Athlon X4 631 scores 4323 in Passmark.

http://www.cpubenchmark.net/cpu_list.php

Edit:



InternalSys said:


> Well i know about the 4323 average CPU score... but none knows what are the frequencies they are tested at... cos i looked at the test and it says they are all tested at stock. And when i test mine at stock it has only 3200 CPU score which is way lower then the average, thats why i asked if i have some problem



All reviews are tested at stock, unless it says otherwise.

Your score might be low for many reasons. CPU scores tend to isolate RAM and GPU bottlenecks, so your issue could be a conflict on a software or driver level, if you haven't done so already, it might be worth formatting your HDD and reinstalling windows.


----------



## InternalSys (Mar 7, 2012)

Well i know about the 4323 average CPU score... but none knows what are the frequencies they are tested at... cos i looked at the test and it says they are all tested at stock. And when i test mine at stock it has only 3200 CPU score which is way lower then the average, thats why i asked if i have some problem


----------



## Aquinus (Mar 8, 2012)

InternalSys said:


> Well i saw a 3 tera flops on PS2 CPU and 20k flops on i7 extreme thats it



A: That number isn't unrealistic, but it is for 8 years ago. If you read the page I brought up you will see that the chip in the PS3 only does something like 200gflops on all 8 processing "elements" but keep in mind that this CPU is much more like a GPU than anything else. When you try to use it as a regular CPU, it is actually *very* slow.

Also keep in mind that the processor was designed to be scalable in parallel workloads, something that is pretty rare.

You can mix memory but keep in mind that your system will downclock (and time) to the slowest stick in your system. There are also added complications that might prevent you from fully utilizing the power of your memory. It's wise to stick with the same type of memory but it will work without it.
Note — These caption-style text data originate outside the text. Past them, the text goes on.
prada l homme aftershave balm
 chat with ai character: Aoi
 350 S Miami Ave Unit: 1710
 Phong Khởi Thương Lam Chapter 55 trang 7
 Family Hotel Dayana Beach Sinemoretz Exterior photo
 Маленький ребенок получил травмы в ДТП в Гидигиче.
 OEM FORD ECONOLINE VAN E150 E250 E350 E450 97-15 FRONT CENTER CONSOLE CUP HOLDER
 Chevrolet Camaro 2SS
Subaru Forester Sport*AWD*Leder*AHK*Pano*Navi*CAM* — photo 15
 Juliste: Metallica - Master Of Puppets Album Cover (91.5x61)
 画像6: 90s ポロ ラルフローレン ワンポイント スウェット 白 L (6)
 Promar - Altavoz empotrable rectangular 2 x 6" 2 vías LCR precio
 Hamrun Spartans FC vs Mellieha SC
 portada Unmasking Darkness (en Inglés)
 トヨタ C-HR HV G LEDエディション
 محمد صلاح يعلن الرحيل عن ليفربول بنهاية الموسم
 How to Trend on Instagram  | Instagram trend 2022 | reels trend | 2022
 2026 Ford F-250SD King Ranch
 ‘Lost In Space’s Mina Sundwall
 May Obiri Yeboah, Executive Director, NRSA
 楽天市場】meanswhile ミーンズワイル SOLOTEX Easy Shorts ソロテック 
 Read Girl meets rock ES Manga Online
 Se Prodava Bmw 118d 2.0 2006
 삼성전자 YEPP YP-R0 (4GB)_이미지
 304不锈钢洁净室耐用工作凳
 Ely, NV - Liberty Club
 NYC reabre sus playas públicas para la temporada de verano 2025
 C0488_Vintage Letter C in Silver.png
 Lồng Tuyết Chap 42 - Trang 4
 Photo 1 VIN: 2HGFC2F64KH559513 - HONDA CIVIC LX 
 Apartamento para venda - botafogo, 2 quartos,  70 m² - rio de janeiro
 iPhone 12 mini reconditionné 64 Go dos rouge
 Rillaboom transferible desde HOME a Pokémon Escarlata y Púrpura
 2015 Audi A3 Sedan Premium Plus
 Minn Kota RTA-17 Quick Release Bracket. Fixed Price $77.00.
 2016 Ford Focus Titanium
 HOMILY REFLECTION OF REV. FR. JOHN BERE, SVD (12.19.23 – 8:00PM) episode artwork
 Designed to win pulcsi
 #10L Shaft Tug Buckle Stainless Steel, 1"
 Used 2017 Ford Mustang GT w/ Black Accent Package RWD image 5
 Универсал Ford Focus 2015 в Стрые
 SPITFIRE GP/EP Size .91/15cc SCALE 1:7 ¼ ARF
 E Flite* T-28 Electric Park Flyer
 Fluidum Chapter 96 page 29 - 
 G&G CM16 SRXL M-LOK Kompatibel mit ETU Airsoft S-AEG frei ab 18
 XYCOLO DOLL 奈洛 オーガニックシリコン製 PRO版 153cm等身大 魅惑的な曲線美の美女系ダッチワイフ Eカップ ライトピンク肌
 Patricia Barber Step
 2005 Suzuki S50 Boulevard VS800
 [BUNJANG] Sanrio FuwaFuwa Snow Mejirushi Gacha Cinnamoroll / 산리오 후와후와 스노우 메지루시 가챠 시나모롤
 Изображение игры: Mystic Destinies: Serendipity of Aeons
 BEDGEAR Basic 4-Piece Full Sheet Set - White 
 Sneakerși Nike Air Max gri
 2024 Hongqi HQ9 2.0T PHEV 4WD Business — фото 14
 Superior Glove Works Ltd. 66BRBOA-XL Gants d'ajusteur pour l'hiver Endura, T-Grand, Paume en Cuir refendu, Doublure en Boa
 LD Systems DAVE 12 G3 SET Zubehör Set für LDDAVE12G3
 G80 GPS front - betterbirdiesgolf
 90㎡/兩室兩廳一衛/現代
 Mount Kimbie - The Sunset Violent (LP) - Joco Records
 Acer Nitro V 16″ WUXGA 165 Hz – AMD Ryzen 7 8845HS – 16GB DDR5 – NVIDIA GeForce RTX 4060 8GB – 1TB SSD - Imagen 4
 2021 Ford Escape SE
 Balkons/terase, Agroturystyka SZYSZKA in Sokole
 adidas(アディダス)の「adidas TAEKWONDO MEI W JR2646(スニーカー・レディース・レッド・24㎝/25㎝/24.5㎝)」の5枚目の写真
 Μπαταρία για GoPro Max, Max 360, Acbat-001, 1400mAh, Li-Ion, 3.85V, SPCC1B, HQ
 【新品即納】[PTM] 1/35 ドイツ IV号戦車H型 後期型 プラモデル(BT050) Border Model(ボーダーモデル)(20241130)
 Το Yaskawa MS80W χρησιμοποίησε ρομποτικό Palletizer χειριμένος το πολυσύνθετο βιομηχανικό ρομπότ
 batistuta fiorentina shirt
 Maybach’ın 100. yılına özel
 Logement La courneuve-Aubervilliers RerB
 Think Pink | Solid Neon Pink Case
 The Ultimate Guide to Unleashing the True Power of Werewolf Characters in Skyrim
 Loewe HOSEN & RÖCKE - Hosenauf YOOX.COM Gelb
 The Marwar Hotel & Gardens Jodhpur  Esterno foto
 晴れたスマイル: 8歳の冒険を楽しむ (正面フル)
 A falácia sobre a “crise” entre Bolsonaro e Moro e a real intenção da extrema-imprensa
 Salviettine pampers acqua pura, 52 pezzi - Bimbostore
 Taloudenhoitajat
My only warning is you could run into stability issues, even more so if they're designed for different voltages and timings.


----------



## InternalSys (Mar 8, 2012)

Aquinus said:


> A: That number isn't unrealistic, but it is for 8 years ago. If you read the page I brought up you will see that the chip in the PS3 only does something like 200gflops on all 8 processing "elements" but keep in mind that this CPU is much more like a GPU than anything else. When you try to use it as a regular CPU, it is actually *very* slow.
> 
> Also keep in mind that the processor was designed to be scalable in parallel workloads, something that is pretty rare.
> 
> ...




But, arent they supposted to run on the same timings and voltage,cos only the capacity is different


----------



## Aquinus (Mar 8, 2012)

InternalSys said:


> But, arent they supposted to run on the same timings and voltage,cos only the capacity is different



It really depends on your motherboard. I know that my M4N72-E never gets the timings right for my OCZ Gold DDR2-800. I'm not saying it won't work, I'm just saying that keeping the same type of memory is always a good idea. Also memory ( @1333 and 1600) is pretty cheap nowadays, so why not just upgrade all of your memory together?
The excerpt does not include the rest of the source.